> [EXERCISE]
Within the records below, find the line with "5 bedroom detached" and the line with "Boston Bruins goalie Linus Ullmark", then reproduce exactly those two lines and all lines between them, without any picture.

> [DATA FOR THE TASK]

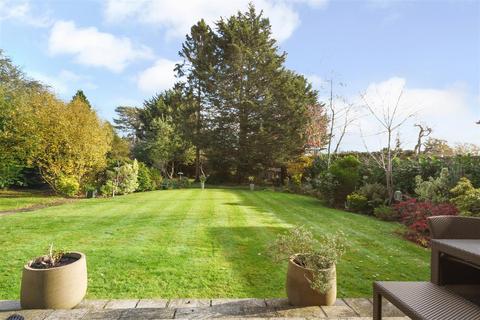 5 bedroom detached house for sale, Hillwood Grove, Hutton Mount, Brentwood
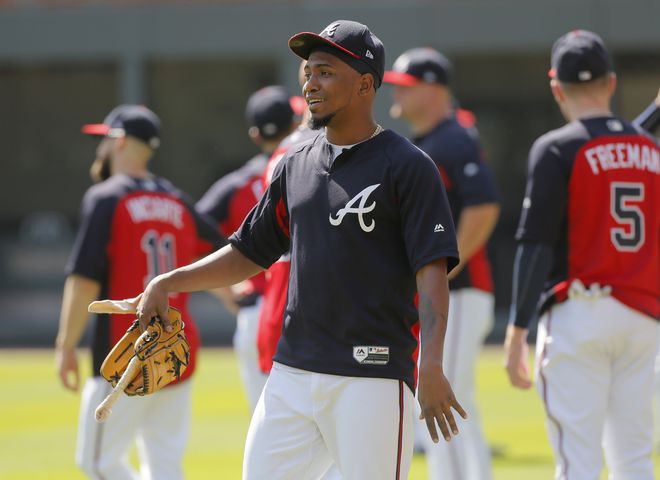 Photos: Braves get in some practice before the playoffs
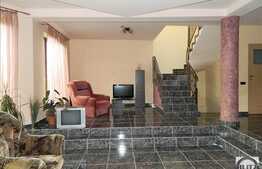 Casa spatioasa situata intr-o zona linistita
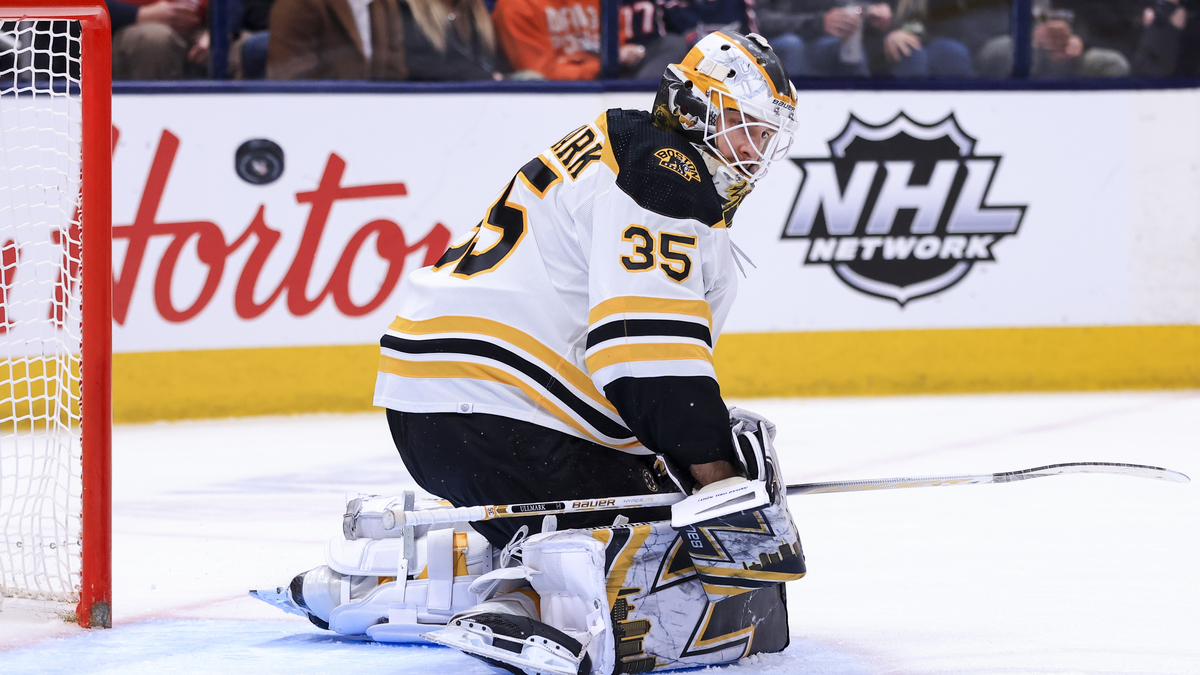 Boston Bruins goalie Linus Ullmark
==
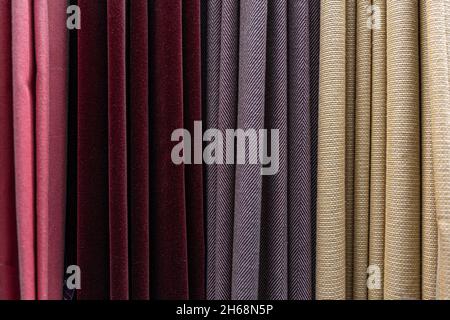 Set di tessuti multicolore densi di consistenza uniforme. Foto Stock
==
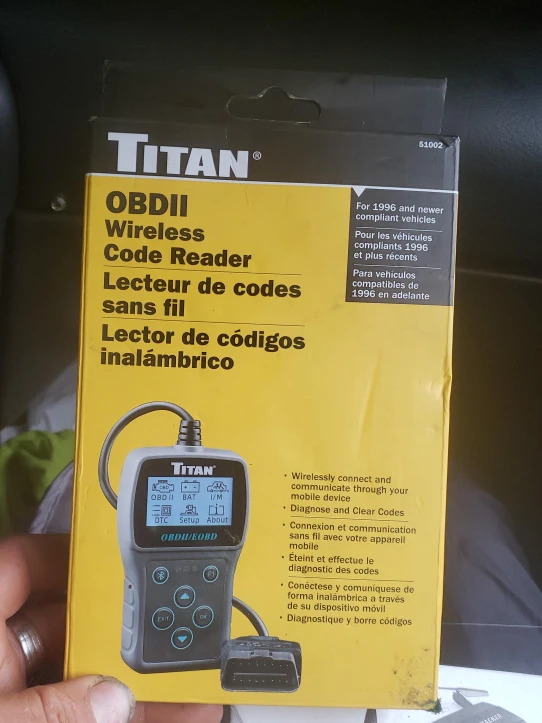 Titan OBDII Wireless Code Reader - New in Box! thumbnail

> [SOLUTION]
 5 bedroom detached house for sale, Hillwood Grove, Hutton Mount, Brentwood
 Photos: Braves get in some practice before the playoffs
 Casa spatioasa situata intr-o zona linistita
 Boston Bruins goalie Linus Ullmark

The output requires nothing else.